Cinderella Pumpkin – Grow your own
Growing Pumpkins and keeping the old strains alive
Growing pumpkins is relatively easy, but if you want the really tasty original varieties then you had better read on.
The pumpkin is one of the staple vegetables that you can grow in your garden and store over Summer and eat for six months. It seems everywhere I go someone is cooking pumpkin soup. It is cheap, readily available and the recipe can be varied. Add some coconut cream and a kaffir lime leaf and you have an interesting variation. You can also roast the pumpkin first to get some extra flavour into the soup and add a tomato and carrot.
Identifying Real Pumpkin Seed
Pumpkins or Cucurbita maxima can be identified by the cellophane coating around the seed. They will cross pollinate with each other so resulting in the original pumpkin variety being lost.
Follow these basic rules. Only grow one Cucurbita maxima species in your garden. This way it is isolated from other pumpkins. If you are in a suburban area check that your neighbours aren’t growing other varieties of pumpkin nearby to avoid cross-pollination.
Of course in the city it is more difficult to grow pumpkins as they require a fair bit of room, but if you have a community garden nearby see if you can liaise with the rest of people to grow one Cucurbita maxima species per year in the garden thereby keeping some fantastic old varieties alive.
Old dry varieties of pumpkin are superior for baking
This Cinderella Pumpkin is a beauty.
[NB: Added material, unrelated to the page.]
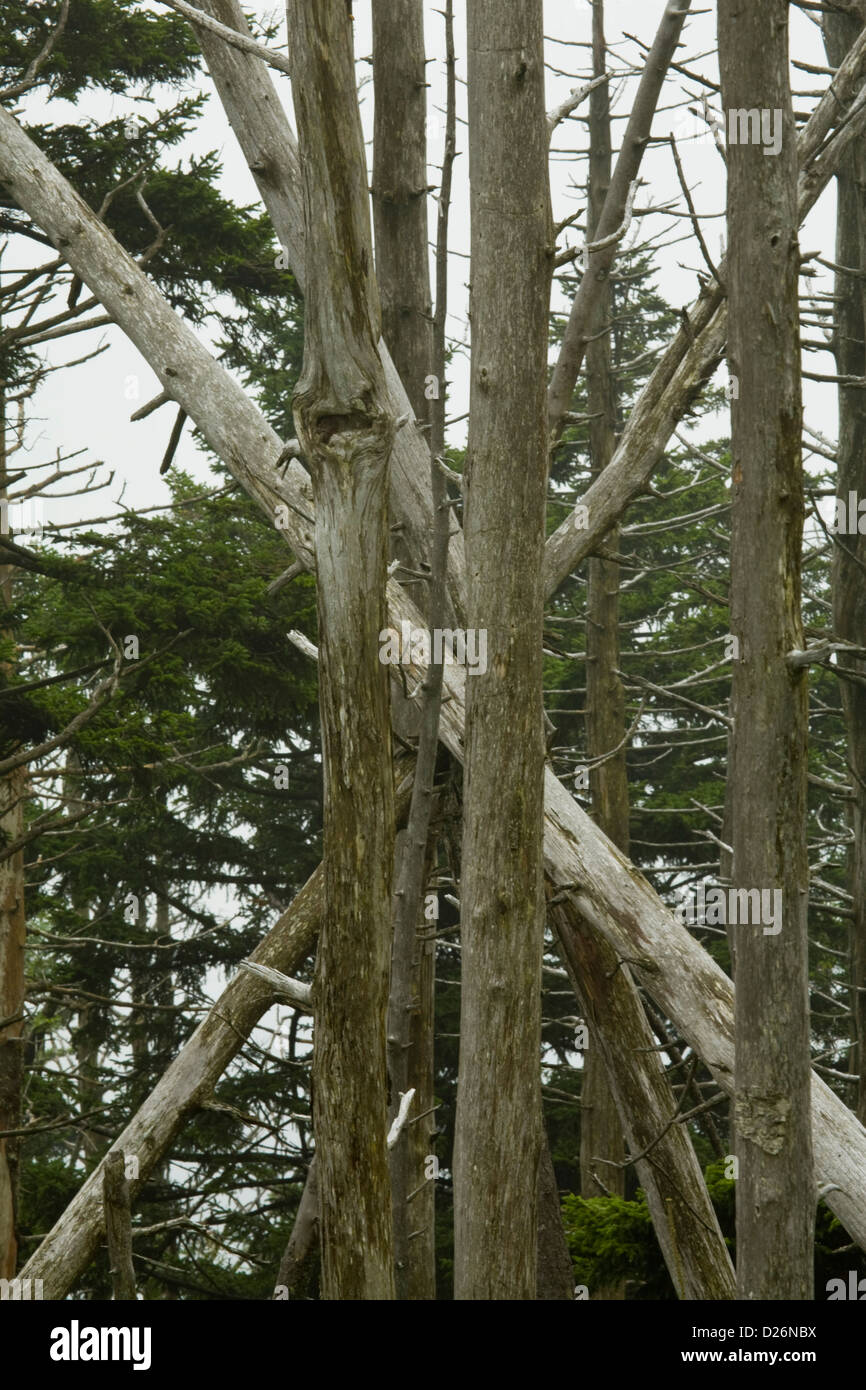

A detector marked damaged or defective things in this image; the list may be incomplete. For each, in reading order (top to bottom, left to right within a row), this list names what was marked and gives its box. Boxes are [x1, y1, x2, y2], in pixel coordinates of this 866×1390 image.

It is probably an old variety like Jarrahdale and is very tasty, firm and great for roasting. If you cook it it holds it’s shape and doesn’t melt into a gooey stringy mess. Other old dry varieties are Hubbard Squash, Ironbark and Queensland Blue.
Do not confuse Pumpkins with Grammas or Cucurbita moschata. Butternut is a gramma and will not cross with pumpkins but will cross with other Grammas. These can be identified by the fact that they have a raised ridge around the edge of the seed and don’t have a cellophane coating.
In times of escalating food costs and chronic lack of good wholesome unadulterated food, this humble cucurbit is a great vegetable to grow. Spring is the time to plant the seed. So make a nice fertile mound of compost in the full sun and plant three or four seeds in the mound. A nice rainy day when the moon is waxing is best. Give them plenty of room to spread unhindered by lawn mowers and whipper snippers.
You won’t know if your seed has cross pollinated until you grow it out the first time. So source of seed is very important. Once you have a variety that is true to type, keep it pure and then save the seeds. If you pass it on to your friends make sure they know about this so they keep their seed pure too.
Roast off excess seed for kids healthy snack food
Oh and remember, never put the seed in the compost. You will have all sorts of rogue pumpkins coming up and you wont know which ones are the good ones. Save the seed instead and roast it off. The seed is an excellent snack food for the kids. Good pumpkin varieties will keep for up to six months, so if you have a bumper crop you’ll be eating pumpkins most of the year. Happy Gardening. Let’s cut out the middle man and grow our own.